Introduction to Gaussian Processes

Introduction to Gaussian Processes#

Overview and Definition#

Week 7 materials are here

In week 7, we will dive into Gaussian Processes in a greater detail. From previous weeks, we know that machine learning often focuses on extracting numerous, complex parameters from data, like neural network weights, which can be hard to interpret. Gaussian processes differ by allowing us to directly consider the broad characteristics of potential functions fitting our data, such as their variability, periodicity, or other structural features. They enable the incorporation of these insights into our models by defining a Gaussian distribution over the functions that best match our observations. Essentially, a Gaussian Process is a collection of random variables, any finite number of which have a joint Gaussian distribution. This makes GPs a natural choice for modeling distributions over functions. They are particularly powerful for regression problems, where the goal is to predict continuous outcomes.

Some intuitive examples [Zhang et al., 2023]#

In the given dataset, we have a series of regression targets, denoted as \(y\), which are associated with their corresponding inputs, \(x\).

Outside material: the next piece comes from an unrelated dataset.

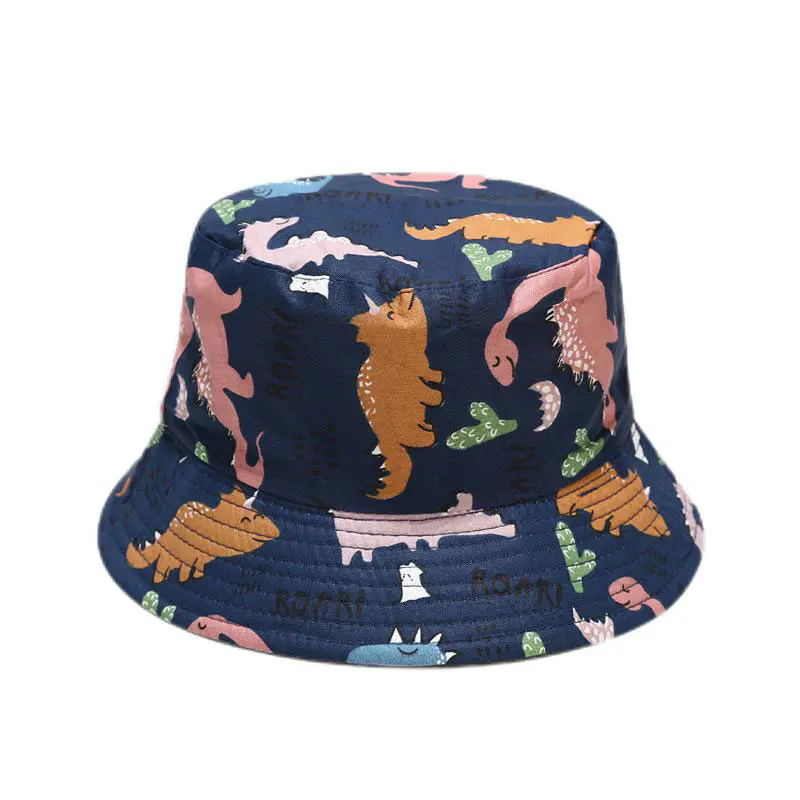 Children’s Navy Dinosaur Printed Cotton Shade Fisherman’s Hat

import matplotlib.pyplot as plt
import numpy as np

# Generating sample data
np.random.seed(0)  # For reproducibility
x = np.linspace(0, 20, 15)  # 15 data points between 0 and 20
y = np.sin(x) + np.random.normal(scale=0.5, size=x.shape)  # Observations with noise

# Plotting the data
plt.figure(figsize=(8, 6))  # Set the figure size
plt.scatter(x, y, color='blue')  # Scatter plot of observations
plt.title('Observations y')  
plt.xlabel('Inputs x') 
plt.ylabel('Observations y') 
plt.grid(True)  # Adding a grid for better readability
plt.show()  # Display the plot

_images/52023c9cab58f5d63072268e4eaacd28dff4d4c5fa40e02b9f2d62f761be8109.png

To model our data using a Gaussian process, we first establish a prior reflecting plausible function behaviors, like their variation with respect to the inputs. The samples displayed here illustrate this prior.

pip install GPy

import GPy
import numpy as np
import matplotlib.pyplot as plt

# Define the kernel
kernel = GPy.kern.RBF(input_dim=1, variance=1., lengthscale=1.)

# Define the range of the input space
X = np.linspace(0, 25, 100).reshape(-1, 1)

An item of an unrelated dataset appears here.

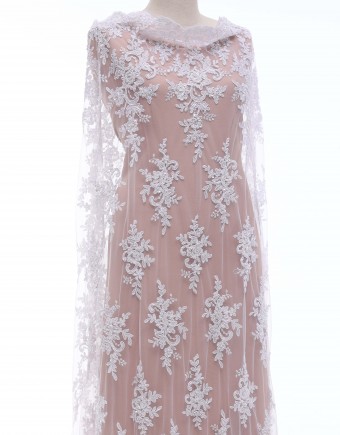 EFFIE BEADED LACE IN WHITE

# Create a Gaussian process regression model
gp = GPy.models.GPRegression(X, np.zeros((100, 1)), kernel)

# Sample functions from the Gaussian process
num_samples = 5
Y_samples = gp.posterior_samples_f(X, size=num_samples)

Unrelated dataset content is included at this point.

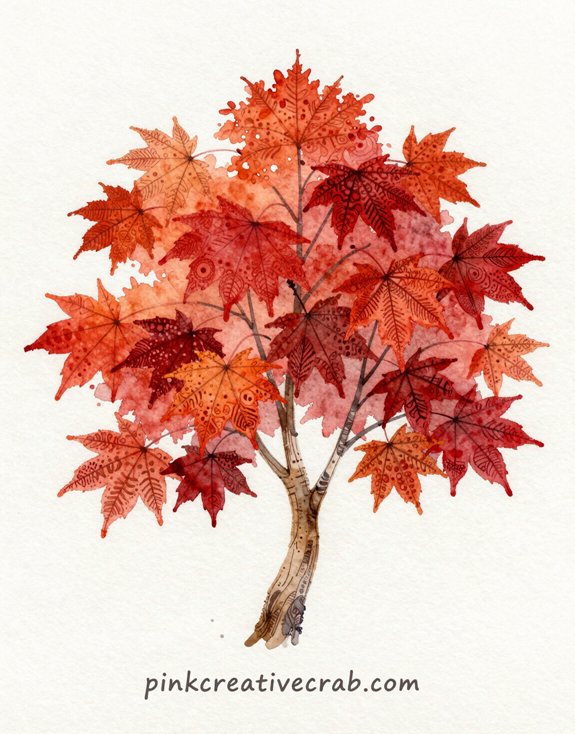 autumn red japanese maple zentangle watercolor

# Plot the sampled functions
for i in range(num_samples):
    plt.plot(X, Y_samples[:, :, i], lw=1)

# Display the plot
plt.show()

_images/d345de9d2bf9eacdc0a8e1e68685d245c18462971ddd38a9c9ff796acb321375.png

Now we’ve conditioned on the data, we can use prior to infer about the posterior distribution over functions.

import numpy as np
import matplotlib.pyplot as plt
import GPy

# Set the random seed for reproducibility
np.random.seed(0)

# Generating sample data
x = np.linspace(0, 20, 15)  # 15 data points between 0 and 20
y = np.sin(x) + np.random.normal(scale=0.5, size=x.shape)  # Observations with noise

# Reshape x and y for GPy requirements
x = x.reshape(-1, 1)
y = y.reshape(-1, 1)

# Define the kernel
kernel = GPy.kern.RBF(input_dim=1, variance=1., lengthscale=2.)

# Create a GP model
gp_model = GPy.models.GPRegression(x, y, kernel)

# Optimise the model
gp_model.optimize(messages=True)

# Predicting on a dense set of points to get smooth sample functions
x_pred = np.linspace(0, 25, 200).reshape(-1, 1)
y_pred, y_var = gp_model.predict(x_pred)
y_pred = y_pred.reshape(-1)

# Draw samples from the posterior
num_samples = 10
samples = gp_model.posterior_samples_f(x_pred, full_cov=True, size=num_samples)

# Plot
plt.figure(figsize=(8, 6))
plt.scatter(x, y, color='blue', label='Observed Data')
plt.plot(x_pred, y_pred, color='black', label='Mean Prediction')
for i in range(num_samples):
    plt.plot(x_pred, samples[:, :, i], color='gray', lw=1, alpha=0.5)
plt.xlabel('Input x')
plt.ylabel('Output y')
plt.title('Sample Posterior Functions from a Gaussian Process')

plt.show()

_images/9255744b86e8422cfa2847a12cd52492de21faa94d8819204f2584b16b26ee7a.png

The plot below illustrates the epistemic uncertainty in our predictions, showing where there’s more potential variability in the underlying true function. This type of uncertainty decreases as we gather more data. The shaded area represents a 95% credible interval around the mean prediction, calculated as twice the posterior standard deviation, indicating where the true function values likely fall for any input \(x\).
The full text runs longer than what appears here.